I tend to agree with Bob, given that they will be available in GNAT, it is not
as though we have missed an opportunity here, and it would be unfortunate to set
mistakes in stone.

****************************************************************

From: Randy Brukardt
Sent: Friday, May 13, 2011  2:45 PM

> Whether it gets approved or not, I think AdaCore is probably going to
> go ahead with implementation.

OK, but it can only be under an extensions switch (as new syntax is involved).
That means that only people willing to be permanently locked into an AdaCore
compiler can use it. One would hope that is a reasonably small group, meaning it
won't have much use.

> Things I think are questionable (just for the record -- I'm not asking
> anyone to discuss these now):
>
>     Nulling out of Subpool_Handles.  The AI seems to say it's
>     OK to reuse subpools, so why null them out?  Anyway, if
>     dangling pointers are an issue, it's dangling pointers to
>     objects allocated in subpools, not (so much) dangling
>     Subpool_Handles.
>
>     Why do we have to do everything via handles anyway?
>     What's wrong with creating a subpool on the stack,
>     and let it be deallocated upon procedure return?

The intent was that subpool objects are logically part of the pool object; that
eliminates the need for separate accessibility checks for them and greatly
reduces the possibilities for dangling handles.

Other models are possible of course, but they would require extensive
accessibility checking -- which was part of why Tucker's proposals were so
overwhelmingly complicated.

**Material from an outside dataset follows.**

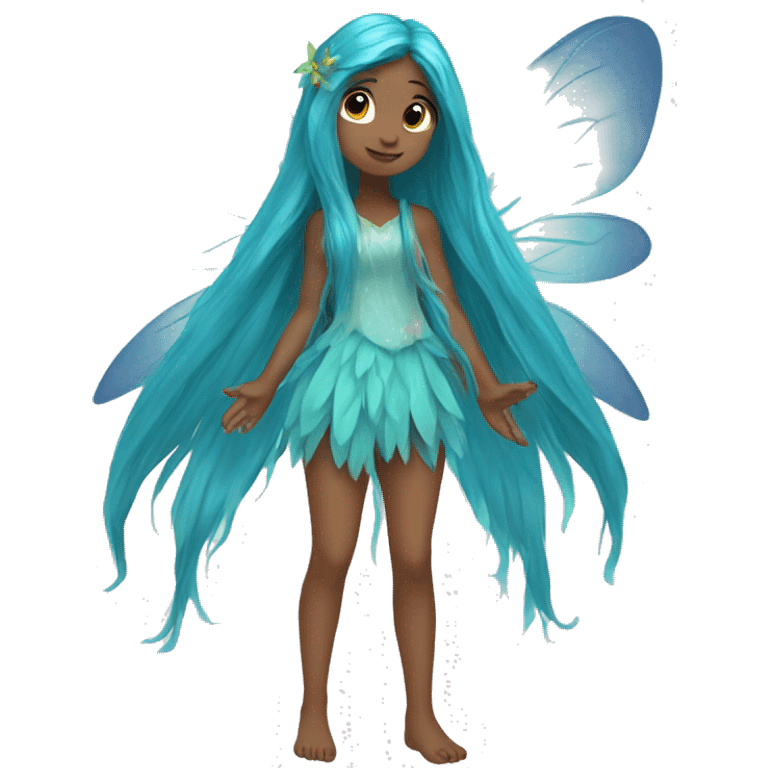 Beautiful, fairy, blue, turqoise, long hair, big wings emoji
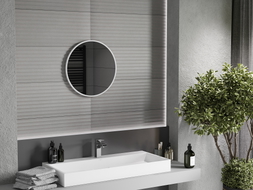 Mexen Loft kulaté koupelnové zrcadlo 30 cm, bílý rám - 9850-030-030-000-20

I didn't think anything with such checking could
ever get approved.

>     And in that case, why isn't Root_Subpool controlled?

Overhead, of course.

>     The idea that "new" can call either Allocate or Allocate_From_Subpool,
>     depending on compiler-writer's whim, seems kludgy to me.  The reason for
>     this kludge is that I insisted on doing it one way, and Randy insisted on
>     the other way.

There is no need for the kludge, it exists because you wouldn't admit that you
were wrong. ;-)

>     Objects in subpools should be finalized when the pool is finalized (if not
>     done earlier), not when the access type collection is finalized.
>     It seems really weird that this is an Implementation Permission,
>     rather than a hard requirement.

Making it a hard requirement means that implementations potentially have to
change more of their implementation. The flexibility seemed worthwhile
(especially as we don't have an implementation of that finalization mechanism
yet). And it shouldn't matter to users (given that the scopes have to be the
same).

>     Why does Default_Subpool_for_Pool raise Storage_Error if there is no
>     default?  Program_Error (or a more-specific No_Default_Subpool_Error)
>     would make more sense.

Makes no difference to me; this can be changed during editorial review.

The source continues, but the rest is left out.